- What the exercise asks -
Output every entry below exactly, without its pictures.

[Scraped caption text data]
__________

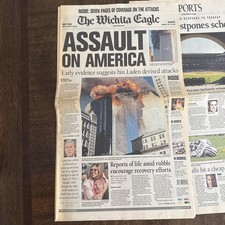 Assault on America 9-11 Newspaper Wichita Eagle September 11th Attacks Articles picture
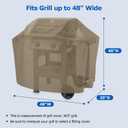 SunPatio Grill Cover 48 Inch for Outdoor Grill, Heavy Duty BBQ Cover with Waterproof Sealed Seam, FadeStop Material, All Weather Resistant Compatible for Weber CharBroil Nexgrill and More, Taupe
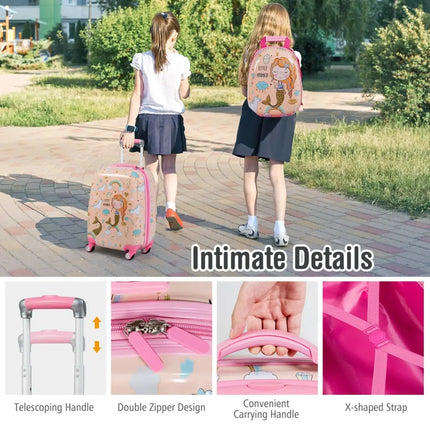 2 Pieces Kids Luggage Set Rolling Suitcase and Backpack-Pink - Pink - Kids Luggage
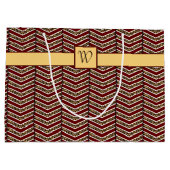 Luipaard Print Chevron geschenkzak Large Cadeautasje (Achterkant)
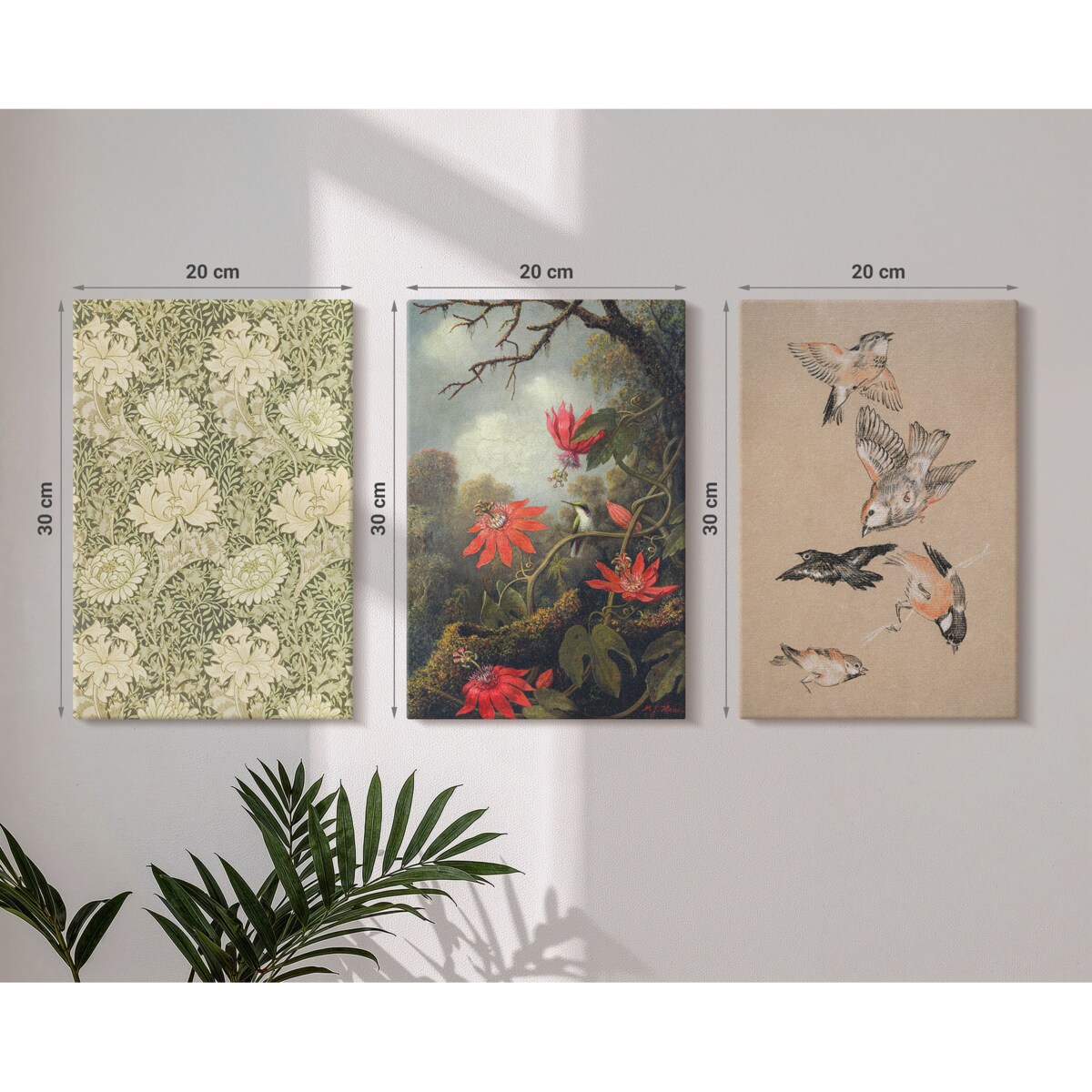 Zestaw 3 małych obrazów na płótnie - Kwiaty ptaki przyroda natura - zielony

__________

- Expected answer -
 Assault on America 9-11 Newspaper Wichita Eagle September 11th Attacks Articles picture
 SunPatio Grill Cover 48 Inch for Outdoor Grill, Heavy Duty BBQ Cover with Waterproof Sealed Seam, FadeStop Material, All Weather Resistant Compatible for Weber CharBroil Nexgrill and More, Taupe
 2 Pieces Kids Luggage Set Rolling Suitcase and Backpack-Pink - Pink - Kids Luggage
 Luipaard Print Chevron geschenkzak Large Cadeautasje (Achterkant)
 Zestaw 3 małych obrazów na płótnie - Kwiaty ptaki przyroda natura - zielony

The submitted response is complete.